An Efficient Index Strategy for Multiattribute Queries on
Very Large Data Warehouses

David M. Calascibetta
DePaul University
School of Computer Science, Telecommunications
and Information Systems
Chicago, IL
David@Calascibetta.com

Abstract

The characteristics of very large historical databases are significantly different than common transaction processing systems. Large quantities of data are typically "loaded" by a single individual at a predetermined time. Then, the database becomes effectively "read-only" until the next load event occurs. Frequently, obsolete periods of data, approximately an equal amount to the load, are unloaded from the database. All of this processing typically runs overnight for several hours.

This paper addresses the specific requirements of constructing DBMS technologies to achieve acceptable performance in these applications.

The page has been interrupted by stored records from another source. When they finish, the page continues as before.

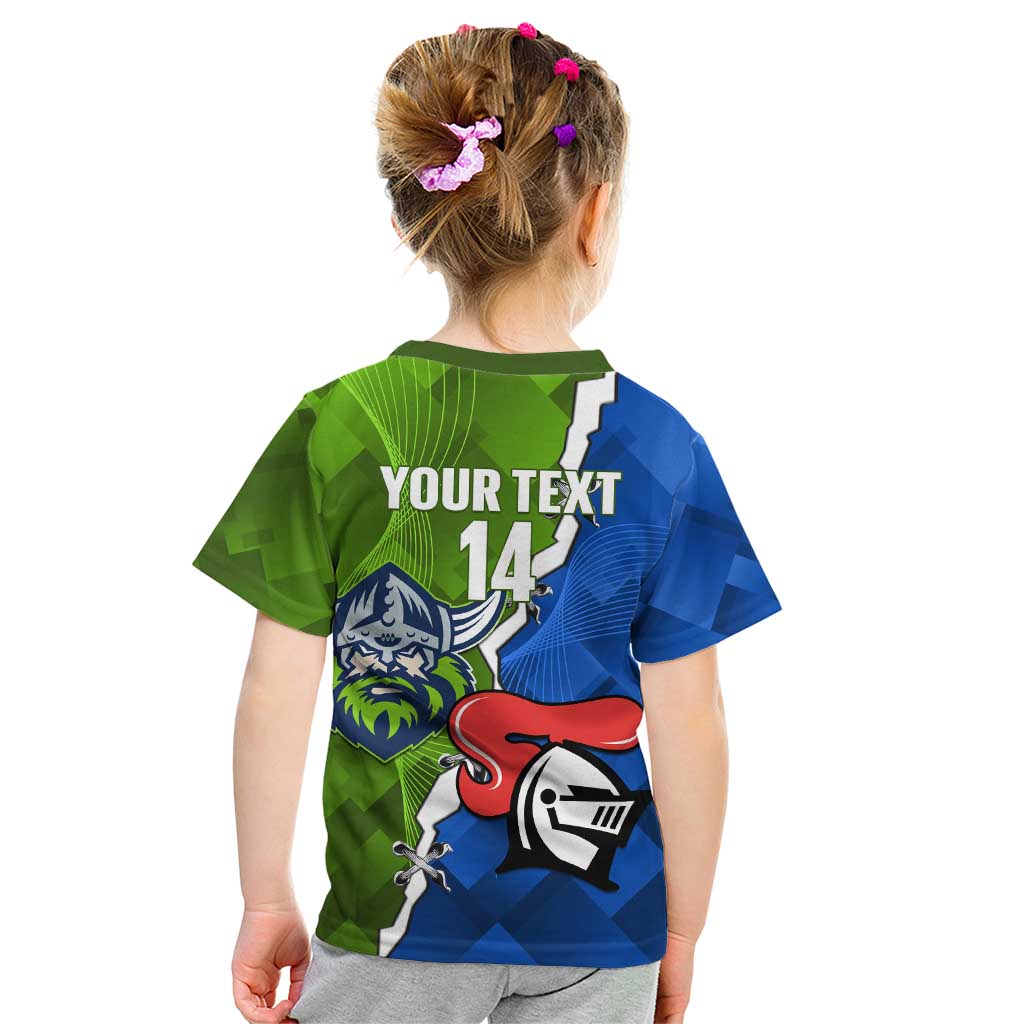 Custom Raiders And Knights Kid T Shirt Together Dynamic Style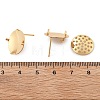 Brass Studs Earring Findings KK-K382-16B-G-3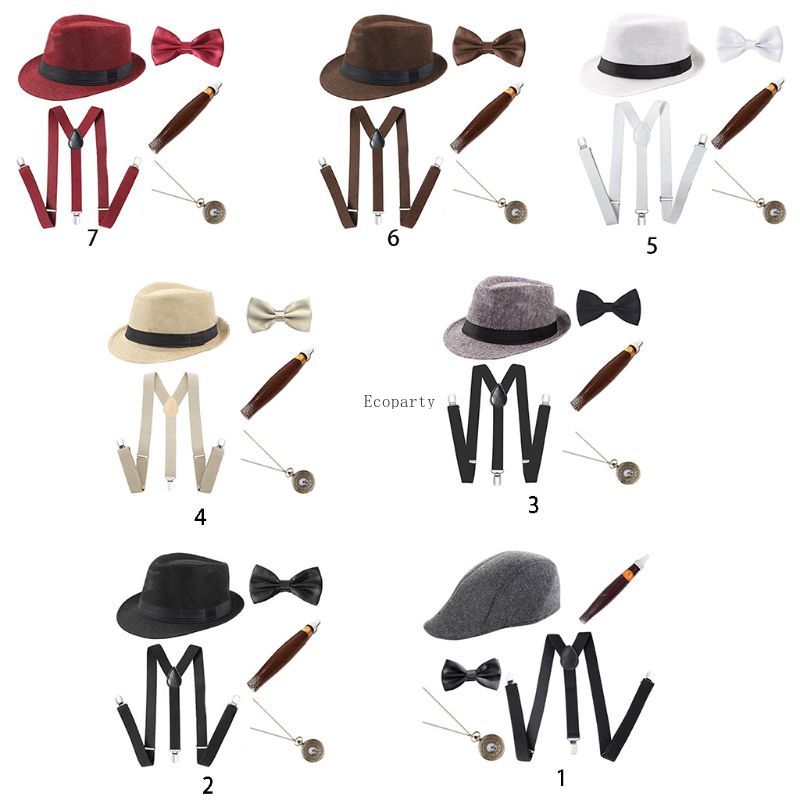 Men'S Accessories In The 1920S - Disrazeフラットキャップ-クラシックなトライビーハット,フラップハット,綿と袖,ジャズキャップ,1920s,メンズコスチュームアクセサリー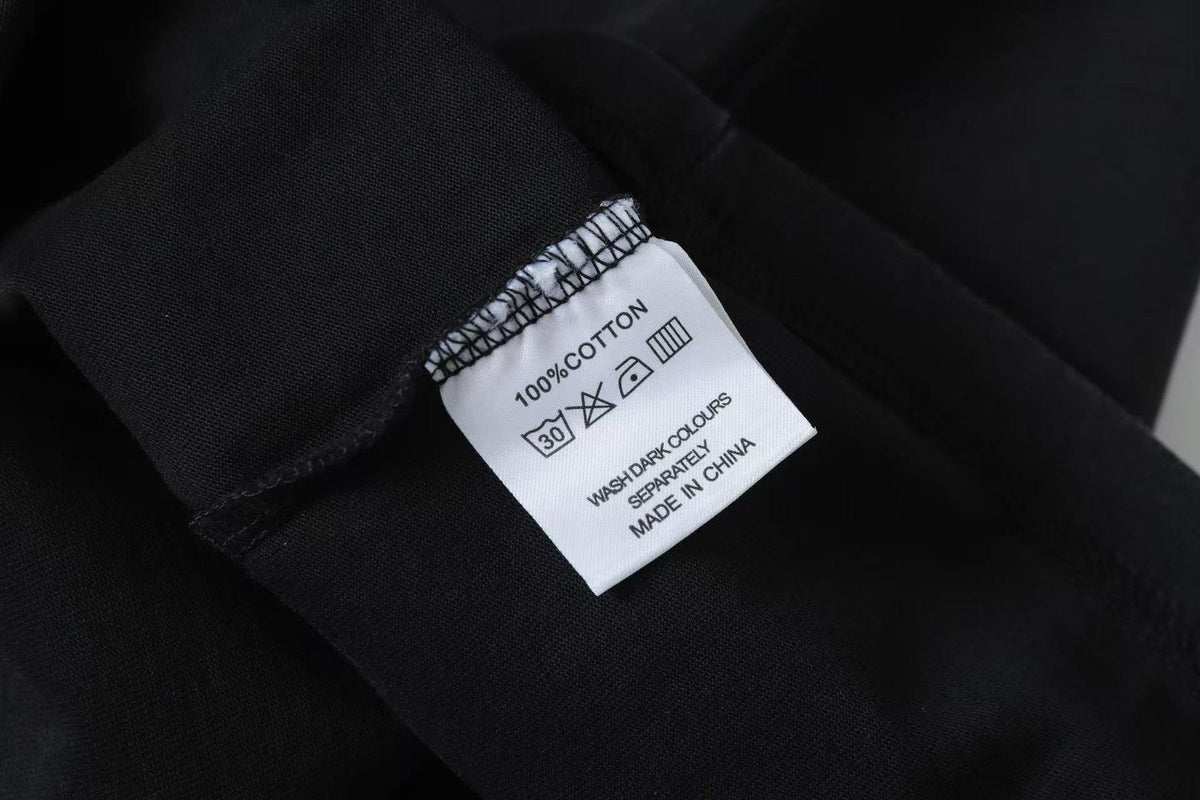 Godspeed Washed Black Motorcycle Graphic T-Shirt ¡ª neck_label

Although related topics of concern are described, we concentrate on secondary indexing issues. The most common forms of relational database indexing are discussed, including the B-Tree and its derivatives, grid files, bit maps, and inverted lists. Each index is evaluated for suitability for use in very large databases, with a criteria consisting of physical index size and scalability, maintainability, access IOs, cardinality sensitivity, parallelization effectiveness, and usefulness in multiattribute queries, including whether the index allows dynamic intersection or union operations.

The use of single attribute inverted list indexes, combined with dynamic bit maps is proposed. It is shown that this combination indexing method yields the smallest physical index, while providing complete capability to intersect or union indexes dynamically to resolve a multiattribute query. The goal of this method is to eliminate completely the combinatorial explosion in index storage and maintenance when many attributes of a relation require frequent referencing.

Today, significant effort is applied to making databases easier to access by non-technical people. But a simple, easy to use interface to a database will not solve the problem of "runaway" queries. In fact, these interfaces enable users to launch queries against a database which may process for days. Instead of solving the DBMS processing problem, the front end products allow developers to anticipate long running queries and provide governors which trap these queries and shut them down before execution. If the DBMS had a better approach to processing multiattribute queries, fewer of these requests would need to be trapped and killed. Therefore, this new indexing method can be viewed as a usability enhancement to front end systems.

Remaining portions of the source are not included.